DO: Apply for jobs for which you are a strong candidate

During the interview, you can discuss career paths and get details on other positions, including those you would hope to move into in the future.  

DON’T: Apply for jobs for which you don’t meet basic qualifications

Typically, you will not receive a response, and certainly not an interview, when applying for jobs for which you are not qualified.  

DO: Show up on time

What’s on time? 15 minutes early. Unless you have completed an employment application ahead of time, you will need to fill one out once you arrive; this usually takes 10 – 15 minutes. If they book you for a 1:00pm interview, they are expecting to meet with you at 1:00pm. Be there by 12:45pm, to ensure you have time to complete the paperwork and will be ready to speak at 1:00pm, sharp. 

DON’T: Show up very early or late, or don’t show up at all

Be respectful of the interviewer’s time. And if you don’t show without a call or email, don’t expect to get another chance at an interview. Now, or in the future.

DO: Dress professionally

The dress code varies widely in the landscape industry. Some offices are business casual, or casual, while others require employees to wear business attire. If you are unsure, business casual is typically appropriate for entry level positions, while business attire is a better choice if applying for a management or sales position. If you are unsure, don’t hesitate to ask when you schedule the interview. Generally, it’s better to be overdressed than underdressed. Be prepared for alternative methods of interviewing, such as a phone or video interview. Be familiar with the software to be used, and if you are not, don’t hesitate to ask for instructions or clarification. Dress for a video interview just as you would an in-person interview. And be sure your surroundings are clear of distractions such as people and pets. 

DON’T: Wear jeans, work boots, sneakers, or anything dirty

There is an exception to this rule. If you are coming directly from your existing job to the interview, it may be appropriate to wear a work uniform. However, you will want to check with the interviewer first. Most will prefer to meet with you dirty at 5:00pm, then clean at 6:00pm.

DON’T: Chew gum (or anything for that matter….)

Bringing and sipping water is ok. Other than that, your mouth should be empty. No gum, no chewing tobacco, no food, no mints. 

DO: Research the company (website, brochures, etc.)

Every employer has information available, via their website, Facebook, LinkedIn, or other sites. Take time to investigate and be prepared. 

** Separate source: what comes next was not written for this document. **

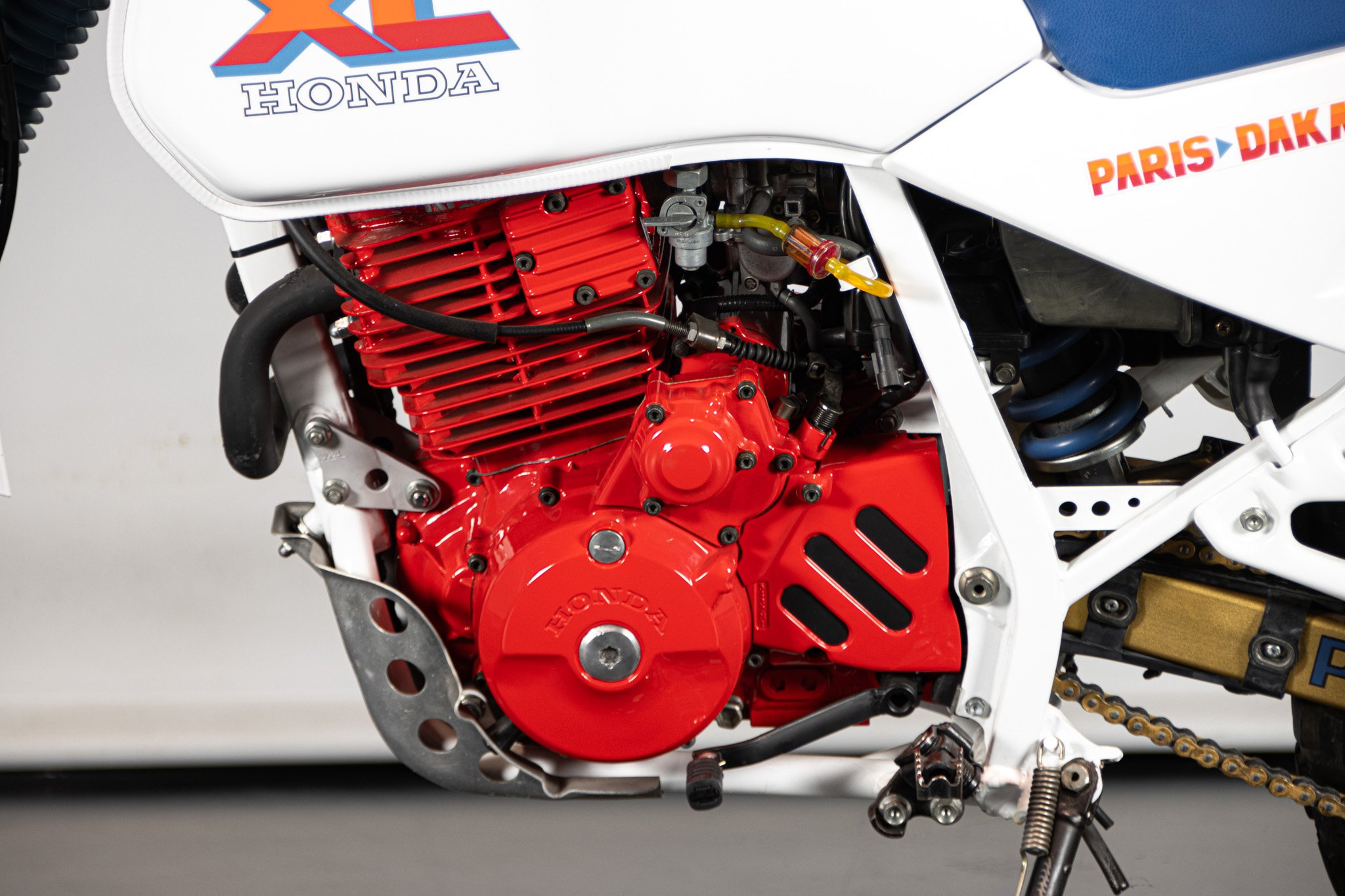 Honda XL 600 LM PD04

DON’T: Forget who you are meeting with

The interview’s going great, until you say you are interested in working in the assistant estimator role. Whoops! That’s next week’s interview – today you are meeting about the supervisor role. The interviewer has taken time to prepare for you; you should be equally prepared.

DO: Have questions ready to ask

Prepare at least three questions for the interviewer. Print them out. You may find that your questions are answered during the interview, and if so, consider other questions that will demonstrate your curiosity about and interest in the position. 

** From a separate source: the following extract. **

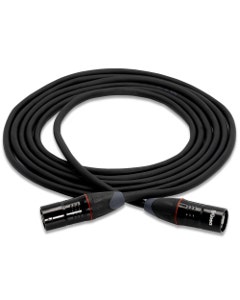 Hosa ETC-105 EtherLOK Cat6 Cable 5 Feet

DON’T: Answer questions with only a yes or no

Unless it’s a speed round of questions, and you have been specifically asked to give only yes or no answers, give detailed and thoughtful answers to each question from the interviewer. 

DON’T: Give rehearsed or clichéd answers

Candidate: “My biggest weakness is I’m a perfectionist.“

Hiring Manager: Thinks….’third time I’ve heard that this week’

A worse response – saying you have no weaknesses.  And yes, interviewers do hear that more than you think. 

DO: Send thank you note via postal or email within a week

Always, always send a thank you. Email is ok, but written notes have more impact. Make a note of who you’ve talked with (in person or via email), and who you’ve met with during your visit. Save emails and business cards to ensure you have the correct contact information.

Armed with these tips, you can be more fully prepared for your job or internship interview.

One final tip:  don’t forget to be honest, be positive, and be yourself.